What to work on: Please write out every line of the material, leaving out any picture.

(Given material Opens)

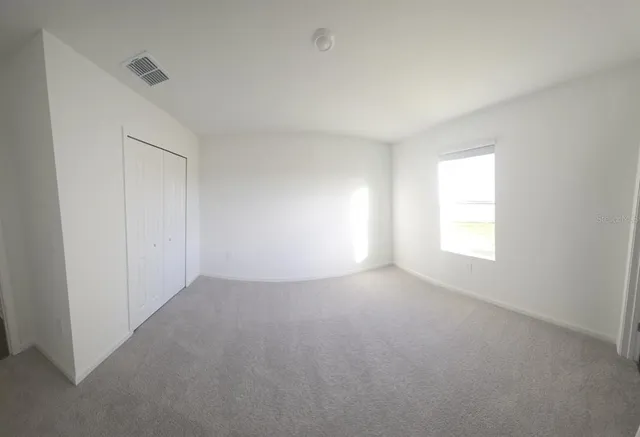 an empty room with windows and closet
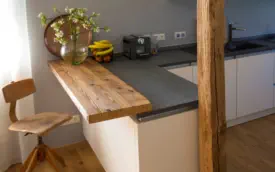 Kleine Frühstückstheke aus Altholz an grauer Arbeitsplatte, daneben ein alter Holzbalken als Stütze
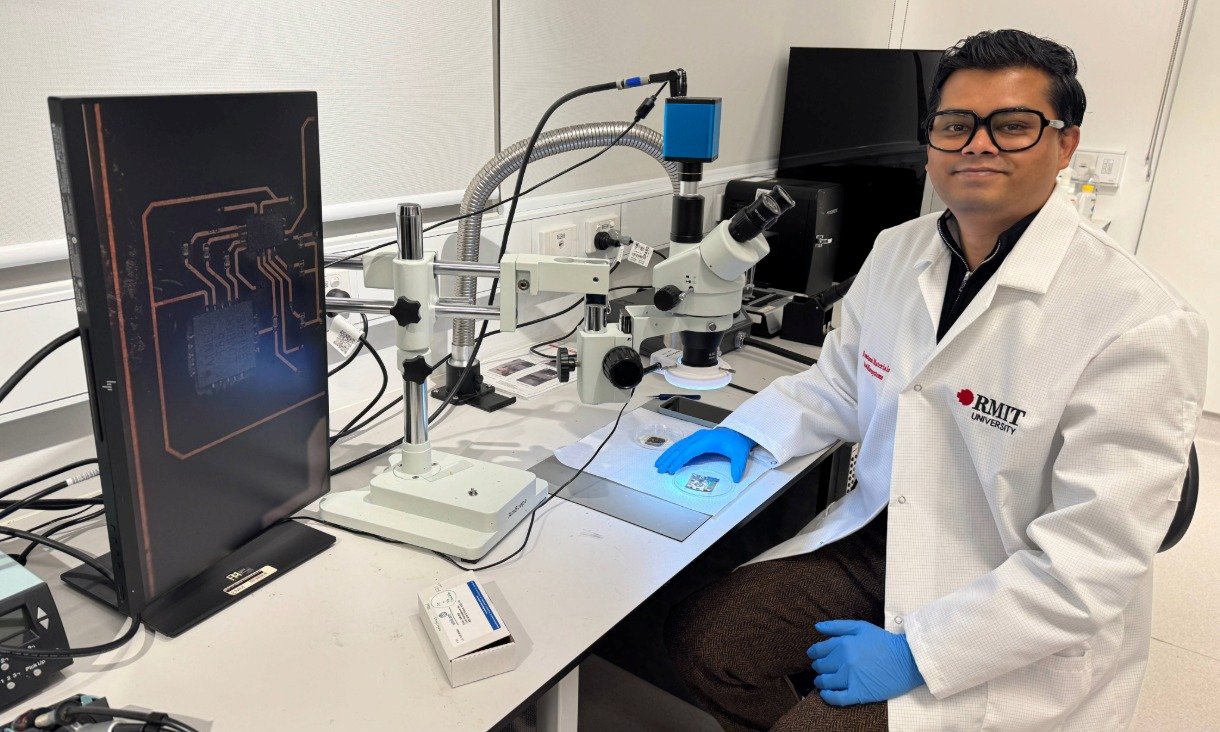 Dr Peter Francis Mathew Elango seated in a lab equipped with microscopes and screens, focused on advancing wound care technology.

(Given material Closes)

Response area:
 an empty room with windows and closet
 Kleine Frühstückstheke aus Altholz an grauer Arbeitsplatte, daneben ein alter Holzbalken als Stütze
 Dr Peter Francis Mathew Elango seated in a lab equipped with microscopes and screens, focused on advancing wound care technology.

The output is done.